### Stored data:
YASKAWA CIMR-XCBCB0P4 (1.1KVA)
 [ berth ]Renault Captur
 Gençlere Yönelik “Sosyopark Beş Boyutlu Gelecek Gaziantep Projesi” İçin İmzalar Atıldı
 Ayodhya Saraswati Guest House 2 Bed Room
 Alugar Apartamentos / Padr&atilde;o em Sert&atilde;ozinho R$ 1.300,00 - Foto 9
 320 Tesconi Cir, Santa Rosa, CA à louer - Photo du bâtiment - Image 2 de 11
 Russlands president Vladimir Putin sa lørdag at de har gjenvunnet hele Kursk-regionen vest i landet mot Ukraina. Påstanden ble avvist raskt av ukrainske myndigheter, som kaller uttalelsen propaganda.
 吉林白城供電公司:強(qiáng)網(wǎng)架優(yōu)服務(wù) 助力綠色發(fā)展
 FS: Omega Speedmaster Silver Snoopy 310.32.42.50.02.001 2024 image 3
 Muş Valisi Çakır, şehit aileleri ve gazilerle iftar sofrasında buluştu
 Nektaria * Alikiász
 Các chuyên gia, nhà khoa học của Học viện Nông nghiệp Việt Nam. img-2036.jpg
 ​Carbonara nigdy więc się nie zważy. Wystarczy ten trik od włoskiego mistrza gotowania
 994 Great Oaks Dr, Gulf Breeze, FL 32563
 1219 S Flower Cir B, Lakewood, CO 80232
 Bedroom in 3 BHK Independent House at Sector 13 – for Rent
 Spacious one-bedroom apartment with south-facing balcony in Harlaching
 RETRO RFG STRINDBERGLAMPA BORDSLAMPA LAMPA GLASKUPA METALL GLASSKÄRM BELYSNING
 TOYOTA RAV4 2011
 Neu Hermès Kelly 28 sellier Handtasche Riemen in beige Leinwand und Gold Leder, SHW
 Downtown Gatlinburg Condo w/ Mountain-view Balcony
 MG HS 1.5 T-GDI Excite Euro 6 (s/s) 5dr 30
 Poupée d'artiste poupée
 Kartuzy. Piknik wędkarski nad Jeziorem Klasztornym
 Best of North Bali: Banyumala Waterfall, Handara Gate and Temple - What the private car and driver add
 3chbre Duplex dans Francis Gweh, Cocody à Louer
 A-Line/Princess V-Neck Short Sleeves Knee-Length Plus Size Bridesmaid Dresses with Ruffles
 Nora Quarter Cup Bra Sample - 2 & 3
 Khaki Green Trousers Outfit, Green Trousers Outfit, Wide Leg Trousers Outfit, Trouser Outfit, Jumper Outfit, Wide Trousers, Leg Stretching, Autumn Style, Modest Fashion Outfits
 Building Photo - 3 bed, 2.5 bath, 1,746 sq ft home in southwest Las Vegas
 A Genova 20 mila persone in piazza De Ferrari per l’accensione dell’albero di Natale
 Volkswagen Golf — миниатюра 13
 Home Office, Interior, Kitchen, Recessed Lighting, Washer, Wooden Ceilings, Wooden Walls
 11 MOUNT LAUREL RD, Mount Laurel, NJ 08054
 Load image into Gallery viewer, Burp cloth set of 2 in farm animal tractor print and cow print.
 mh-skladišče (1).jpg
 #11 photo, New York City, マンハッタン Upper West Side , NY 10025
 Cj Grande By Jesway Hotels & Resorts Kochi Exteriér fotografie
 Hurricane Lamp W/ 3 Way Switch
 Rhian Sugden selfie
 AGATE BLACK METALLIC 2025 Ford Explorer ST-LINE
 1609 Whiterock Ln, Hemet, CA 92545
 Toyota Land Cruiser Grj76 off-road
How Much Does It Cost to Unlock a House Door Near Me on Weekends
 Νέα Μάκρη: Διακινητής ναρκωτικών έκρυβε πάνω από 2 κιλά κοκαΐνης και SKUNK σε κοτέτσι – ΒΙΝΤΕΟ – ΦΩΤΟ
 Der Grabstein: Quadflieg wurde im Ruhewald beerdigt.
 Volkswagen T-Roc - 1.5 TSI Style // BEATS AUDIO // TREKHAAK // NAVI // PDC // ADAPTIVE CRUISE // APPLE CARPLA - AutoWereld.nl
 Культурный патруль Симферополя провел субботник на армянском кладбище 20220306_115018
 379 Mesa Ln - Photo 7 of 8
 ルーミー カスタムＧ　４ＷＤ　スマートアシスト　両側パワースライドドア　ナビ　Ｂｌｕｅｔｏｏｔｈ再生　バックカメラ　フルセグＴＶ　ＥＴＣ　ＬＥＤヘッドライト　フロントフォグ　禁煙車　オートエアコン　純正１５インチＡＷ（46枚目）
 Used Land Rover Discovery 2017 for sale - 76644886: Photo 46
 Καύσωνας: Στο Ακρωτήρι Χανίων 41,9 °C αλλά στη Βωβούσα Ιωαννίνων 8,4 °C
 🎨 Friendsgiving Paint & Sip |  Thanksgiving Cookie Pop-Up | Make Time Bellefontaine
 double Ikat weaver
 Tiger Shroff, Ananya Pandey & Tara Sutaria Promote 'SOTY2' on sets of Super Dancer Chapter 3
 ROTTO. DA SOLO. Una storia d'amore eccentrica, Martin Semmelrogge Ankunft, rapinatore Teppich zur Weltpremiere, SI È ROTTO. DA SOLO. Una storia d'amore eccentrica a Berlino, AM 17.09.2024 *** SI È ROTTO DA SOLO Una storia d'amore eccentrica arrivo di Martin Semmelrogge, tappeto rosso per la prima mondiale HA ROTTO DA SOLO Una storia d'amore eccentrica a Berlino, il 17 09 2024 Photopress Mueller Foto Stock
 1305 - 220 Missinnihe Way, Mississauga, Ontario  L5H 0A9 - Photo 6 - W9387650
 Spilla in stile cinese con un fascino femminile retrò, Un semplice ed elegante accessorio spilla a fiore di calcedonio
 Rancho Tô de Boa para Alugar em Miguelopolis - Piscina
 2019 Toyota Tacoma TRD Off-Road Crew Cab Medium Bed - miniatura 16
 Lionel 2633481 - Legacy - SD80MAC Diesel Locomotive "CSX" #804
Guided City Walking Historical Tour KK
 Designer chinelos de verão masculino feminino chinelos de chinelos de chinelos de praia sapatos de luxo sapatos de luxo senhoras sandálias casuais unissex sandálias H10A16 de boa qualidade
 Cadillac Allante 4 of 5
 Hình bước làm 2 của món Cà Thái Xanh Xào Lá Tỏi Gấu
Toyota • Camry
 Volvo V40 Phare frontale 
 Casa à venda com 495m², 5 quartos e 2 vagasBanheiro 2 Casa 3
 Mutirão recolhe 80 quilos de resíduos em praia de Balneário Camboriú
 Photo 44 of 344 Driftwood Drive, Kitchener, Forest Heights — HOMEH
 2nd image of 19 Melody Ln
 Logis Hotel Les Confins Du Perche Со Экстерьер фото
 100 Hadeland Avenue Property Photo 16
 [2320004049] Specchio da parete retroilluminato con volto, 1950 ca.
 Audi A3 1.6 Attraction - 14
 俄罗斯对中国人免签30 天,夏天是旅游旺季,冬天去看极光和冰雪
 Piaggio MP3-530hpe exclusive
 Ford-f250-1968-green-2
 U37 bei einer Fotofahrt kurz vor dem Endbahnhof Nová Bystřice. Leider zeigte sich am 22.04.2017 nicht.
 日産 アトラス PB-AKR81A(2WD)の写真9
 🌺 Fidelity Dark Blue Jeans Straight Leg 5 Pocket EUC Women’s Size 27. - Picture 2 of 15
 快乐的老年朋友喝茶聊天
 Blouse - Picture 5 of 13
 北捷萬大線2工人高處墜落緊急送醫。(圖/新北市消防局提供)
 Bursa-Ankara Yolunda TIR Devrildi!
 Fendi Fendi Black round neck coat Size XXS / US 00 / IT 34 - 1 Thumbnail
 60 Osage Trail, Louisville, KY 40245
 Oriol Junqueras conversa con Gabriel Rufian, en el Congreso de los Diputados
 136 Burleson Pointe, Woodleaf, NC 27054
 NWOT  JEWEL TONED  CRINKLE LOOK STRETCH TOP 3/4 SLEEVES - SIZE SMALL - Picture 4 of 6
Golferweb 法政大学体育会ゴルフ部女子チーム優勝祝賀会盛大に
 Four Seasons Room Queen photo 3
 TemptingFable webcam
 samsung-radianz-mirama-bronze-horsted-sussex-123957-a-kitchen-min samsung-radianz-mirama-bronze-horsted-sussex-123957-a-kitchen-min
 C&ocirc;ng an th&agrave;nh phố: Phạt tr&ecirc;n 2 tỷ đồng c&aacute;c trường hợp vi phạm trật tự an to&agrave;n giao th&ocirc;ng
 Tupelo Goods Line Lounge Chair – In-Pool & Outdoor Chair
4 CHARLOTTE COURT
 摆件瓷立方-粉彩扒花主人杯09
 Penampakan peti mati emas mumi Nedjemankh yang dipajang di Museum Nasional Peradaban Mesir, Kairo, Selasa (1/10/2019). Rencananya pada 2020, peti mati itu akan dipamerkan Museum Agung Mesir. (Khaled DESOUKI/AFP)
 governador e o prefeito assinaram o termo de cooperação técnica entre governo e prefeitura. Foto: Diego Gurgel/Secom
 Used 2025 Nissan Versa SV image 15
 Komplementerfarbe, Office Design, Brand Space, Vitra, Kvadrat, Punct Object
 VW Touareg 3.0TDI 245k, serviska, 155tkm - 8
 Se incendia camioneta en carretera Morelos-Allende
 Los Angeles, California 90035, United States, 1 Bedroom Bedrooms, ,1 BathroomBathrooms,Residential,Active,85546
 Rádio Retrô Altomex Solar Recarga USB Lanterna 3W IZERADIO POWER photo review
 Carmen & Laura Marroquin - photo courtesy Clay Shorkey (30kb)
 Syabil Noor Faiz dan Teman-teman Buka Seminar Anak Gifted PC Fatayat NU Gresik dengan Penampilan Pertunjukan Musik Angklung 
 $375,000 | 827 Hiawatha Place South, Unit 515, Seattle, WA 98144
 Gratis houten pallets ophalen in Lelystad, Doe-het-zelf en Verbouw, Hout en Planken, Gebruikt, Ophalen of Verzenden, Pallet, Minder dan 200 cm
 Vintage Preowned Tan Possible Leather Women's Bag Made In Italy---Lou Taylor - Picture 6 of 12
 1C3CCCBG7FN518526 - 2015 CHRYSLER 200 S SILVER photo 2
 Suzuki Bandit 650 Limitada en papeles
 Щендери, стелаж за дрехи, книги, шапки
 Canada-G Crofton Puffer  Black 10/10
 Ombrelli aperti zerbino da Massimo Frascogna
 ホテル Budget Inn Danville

### Exercise goal:
Every line above that includes the word "Ford" must appear in the answer.

### Response to this task:
 AGATE BLACK METALLIC 2025 Ford Explorer ST-LINE
 Ford-f250-1968-green-2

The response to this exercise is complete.